> **REQUIRED ACTION**:
Print the listing below only from the line that has "FIKWOT FN960をベンチマーク（Overwatch 2のゲームロード時間）" through the line that has "Sony-TAF419R-int-sm维修电路原理图.pdf_第1页", exactly, and drop any picture.

> **DATA SHOWN**:
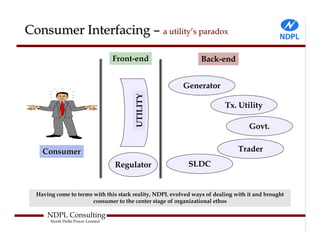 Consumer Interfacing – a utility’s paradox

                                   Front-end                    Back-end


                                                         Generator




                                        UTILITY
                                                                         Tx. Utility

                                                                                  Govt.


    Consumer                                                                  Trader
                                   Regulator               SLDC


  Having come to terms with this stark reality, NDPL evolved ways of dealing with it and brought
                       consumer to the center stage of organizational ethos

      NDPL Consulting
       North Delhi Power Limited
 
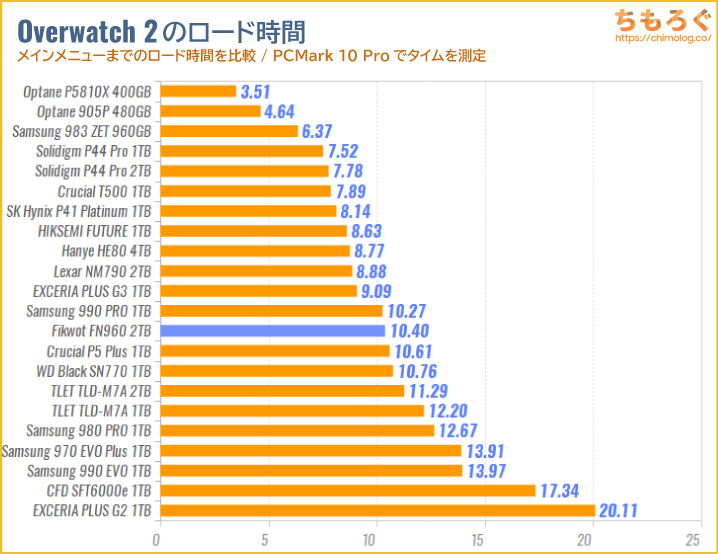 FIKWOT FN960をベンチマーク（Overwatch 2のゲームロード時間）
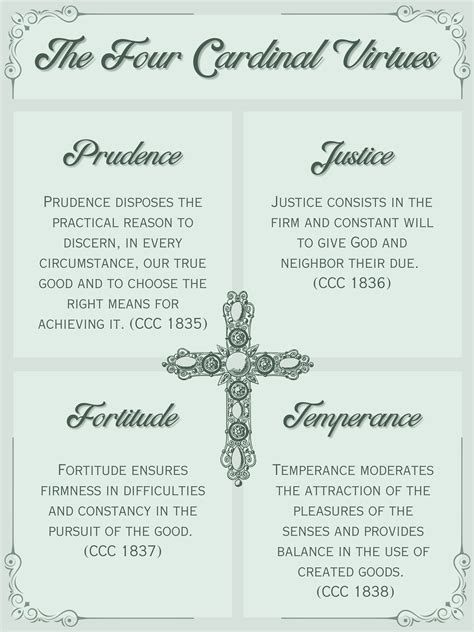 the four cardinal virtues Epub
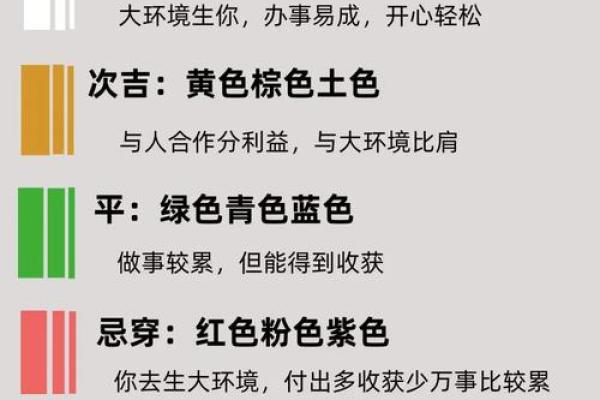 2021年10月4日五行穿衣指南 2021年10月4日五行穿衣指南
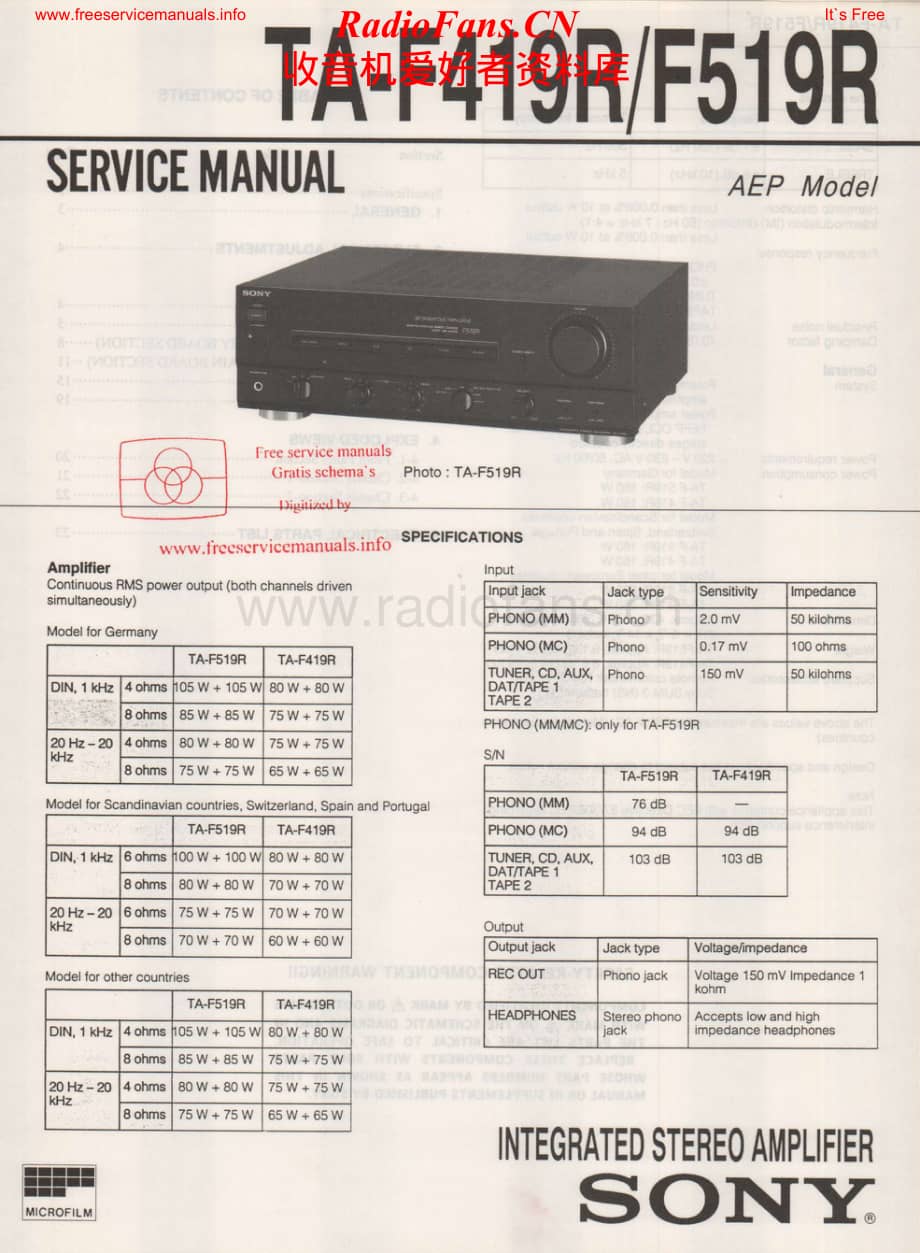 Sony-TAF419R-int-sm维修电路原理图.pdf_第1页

---

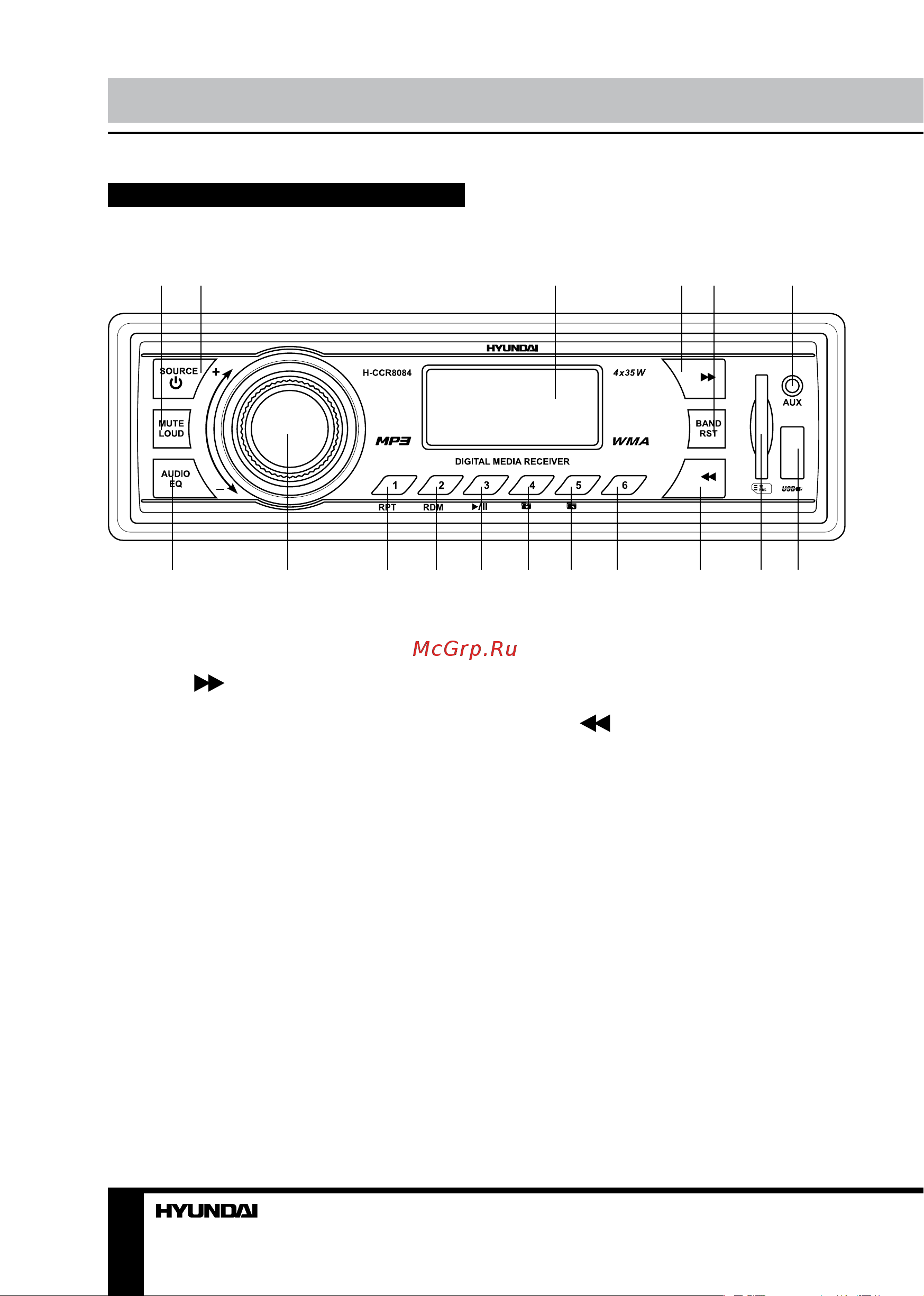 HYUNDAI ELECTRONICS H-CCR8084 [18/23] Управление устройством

> **SOLUTION TO THE EXERCISE**:
 FIKWOT FN960をベンチマーク（Overwatch 2のゲームロード時間）
 the four cardinal virtues Epub
 2021年10月4日五行穿衣指南 2021年10月4日五行穿衣指南
 Sony-TAF419R-int-sm维修电路原理图.pdf_第1页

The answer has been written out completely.